Die Bilanzbuchhalterin Beate S. arbeitet wieder. Nach 18 Monaten juristischer Auseinandersetzungen ist sie am 5. Juli wieder an ihren Arbeitsplatz zurückgekehrt. Der dreiste Versuch des hannoverschen Medienkonzerns Madsack, die langjährige Betriebsrätin und zeitweilige Betriebsratsvorsitzende der zum Konzern gehörenden Mediendienstleistungsgesellschaft mbH (MDG) fristlos zu feuern, ist krachend gescheitert. Alle drei gerichtlichen Instanzen, das Arbeitsgericht Hannover, das Landesarbeitsgericht Niedersachsen und das Bundesarbeitsgericht, das das Verfahren erst gar nicht annahm, haben den Versuch des Arbeitgebers zurückgewiesen, die unbequeme Betriebsrätin wegen einer Lappalie auf die Straße zu setzen.
Das Kündigungsbegehren der MDG-Geschäftsführung hatte Beate S. zum Jahresbeginn 2018 wie ein Blitz aus heiterem Himmel getroffen. Die MDG warf ihr vor, im Rahmen der zuvor abgehaltenen Betriebsratswahl »Wahlwerbung auf Kosten des Arbeitgebers« betrieben zu haben. Sie habe sich Briefmarken im Wert von 3,60 Euro erschlichen, als sie Werbematerial ihrer Wahlliste in die Hauspost gab, in der Annahme, der Kurierdienst der Firma würde die Unterlagen zu den Beschäftigten in der MDG-Außenstelle in Potsdam transportieren. Dass die Briefe dann bei der konzerneigenen Citipost landeten und dort frankiert und versendet wurden, damit hatte sie nicht gerechnet. Ihr Angebot, zusammen mit den anderen Betriebsrats-Kandidatinnen ihrer von der Gewerkschaft ver.di unterstützten Wahlliste der MDG den entstandenen Schaden zu ersetzen, wurde ignoriert.

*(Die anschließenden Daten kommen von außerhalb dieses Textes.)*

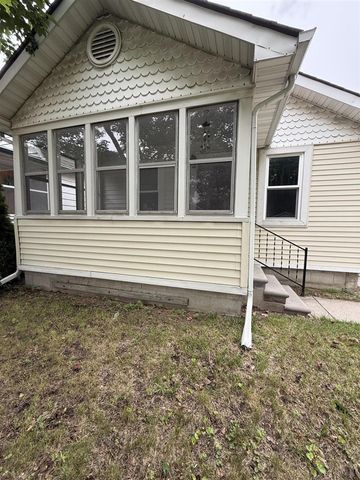 68 W Maxlow Avenue, Hazel Park, MI 48030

Der finanzielle Schaden für den Madsack-Konzern ist nun ungleich höher. Denn die Arbeitsgerichte urteilten, eine fristlose Kündigung von arbeitsrechtlich besonders geschützten Betriebsräten – im Arbeitgeber-Jargon »Unkündbare« genannt – sei zwar grundsätzlich auch wegen Bagatelldelikten möglich. Sie verwiesen auf den Fall der Tengelmann-Kassiererin Barbara Emme (»Emmely-Fall«): Die Berlinerin hatte zwei Pfandflaschen-Bons im Wert von 1,30 Euro, die nicht ihr gehörten, eingelöst und war fristlos gekündigt worden.
Das Bundesarbeitsgericht aber hatte bei »Emmely« im Juni 2010 seine bis dato in solchen Fällen arbeitnehmerfeindliche Haltung korrigiert und die Kündigung für unverhältnismäßig und unwirksam erklärt. Bei Bagatellvorwürfen müsse eine Interessenabwägung erfolgen, die unterschlagenen Bons rechtfertigten keinen Rauswurf nach 31 Jahren Beschäftigung.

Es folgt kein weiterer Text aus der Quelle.